Talvez se pudesse condenar a arraia-miúda manipulada que se comportou como uma horda naquele janeiro inesquecível a penas de quatro a oito anos de cadeia. Já os generais golpistas e outros cabeças da conspiração merecem bem uns doze anos. Para Jair Bolsonaro, o inspirador de tudo, a pena não pode ser inferior a 17 anos. Ficaria de bom tamanho. Golpe de Estado é algo gravíssimo. Se funciona, condena o país a anos de sofrimento, como aconteceu com o golpe midiático-civil-militar de 1964. Se não funciona, se fica como tentativa, deve ser severamente punido para dissuadir outras apostas.
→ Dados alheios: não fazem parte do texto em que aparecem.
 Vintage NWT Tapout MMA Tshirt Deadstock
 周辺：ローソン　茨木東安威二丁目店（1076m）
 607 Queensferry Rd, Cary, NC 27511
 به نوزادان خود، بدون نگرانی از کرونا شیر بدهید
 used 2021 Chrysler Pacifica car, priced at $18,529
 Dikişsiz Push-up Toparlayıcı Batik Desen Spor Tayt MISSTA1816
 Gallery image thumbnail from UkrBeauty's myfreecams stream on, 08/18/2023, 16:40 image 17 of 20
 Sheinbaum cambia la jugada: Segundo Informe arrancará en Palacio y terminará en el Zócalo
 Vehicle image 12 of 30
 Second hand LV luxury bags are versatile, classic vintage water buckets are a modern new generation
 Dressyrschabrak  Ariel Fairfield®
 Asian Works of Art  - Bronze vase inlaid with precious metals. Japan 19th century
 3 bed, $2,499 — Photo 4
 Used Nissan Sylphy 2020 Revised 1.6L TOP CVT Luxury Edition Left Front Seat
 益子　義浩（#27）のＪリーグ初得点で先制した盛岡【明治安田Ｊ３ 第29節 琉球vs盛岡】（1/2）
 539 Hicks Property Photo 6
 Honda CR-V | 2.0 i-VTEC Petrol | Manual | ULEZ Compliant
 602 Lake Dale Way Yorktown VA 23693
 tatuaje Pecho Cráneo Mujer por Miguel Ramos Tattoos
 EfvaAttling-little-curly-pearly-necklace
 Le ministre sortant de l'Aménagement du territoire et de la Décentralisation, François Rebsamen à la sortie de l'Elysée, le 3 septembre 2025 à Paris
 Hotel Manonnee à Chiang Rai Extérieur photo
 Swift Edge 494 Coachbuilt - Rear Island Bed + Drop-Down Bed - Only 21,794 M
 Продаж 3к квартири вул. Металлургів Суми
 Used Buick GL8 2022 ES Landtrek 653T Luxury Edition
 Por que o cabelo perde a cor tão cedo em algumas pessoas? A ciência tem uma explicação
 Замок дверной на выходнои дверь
Bolsonaro sabia de tudo, participou de tudo, deixou rabo para todo lado, fugiu para os Estados Unidos com a cabeça cheia de planos: voltaria como salvador, carregado nos braços dos golpistas e reinaria com plenos poderes, capitão presidente, realizando seu sonho de igualar-se aos generais presidentes da sua ditadura de estimação. Jair Bolsonaro queria ser ditador. A democracia para ele é só um instrumento para chegar ao poder e nele ficar. Falhou. A preparação do golpe foi tão tosca que só podia dar errado. Como o parlamento está dominado por bolsonaristas não é de duvidar que ele obtenha perdão para todos e para si. A tal anistia só serviria para atolar o país.
O bolsonarismo fez e faz mal ao Brasil. Não se trata de um programa civilizatório nem de uma plataforma de gestão racional do país, mas simplesmente de um apanhado de ressentimentos com potencial mobilizador de massas. Ressentimento contra todos os movimentos de emancipação e de revelação das formas tradicionais de exercício do poder contra os que não o possuem. O bolsonarismo é a ideologia do macho branco patriarcal, patrimonialista e clientelista. A sua meta é a salvação do legado de dominação dos últimos séculos no Brasil. Dito assim, parece clichê. A verdade do bolsonarismo tem esse ar caricatural. Nada se pode fazer que não seja enunciá-la como é.
O bolsonarismo precisa mais do que nunca de Jair Bolsonaro. Ainda não apareceu ninguém com a força caricatural que ele detém. Não se forja uma caricatura tão eficiente em laboratório. A identificação das pessoas com Bolsonaro se dá no nível primário da recompensa que parecia impossível, como ser feliz por chupar o dedo. Não há no Brasil uma caricatura capaz de substituir Bolsonaro com o mesmo poder de sedução pelo grotesco. Daí a importância da anistia. O bolsonarismo sem Bolsonaro perde o aspecto fundamental do seu fascínio: a tosquice.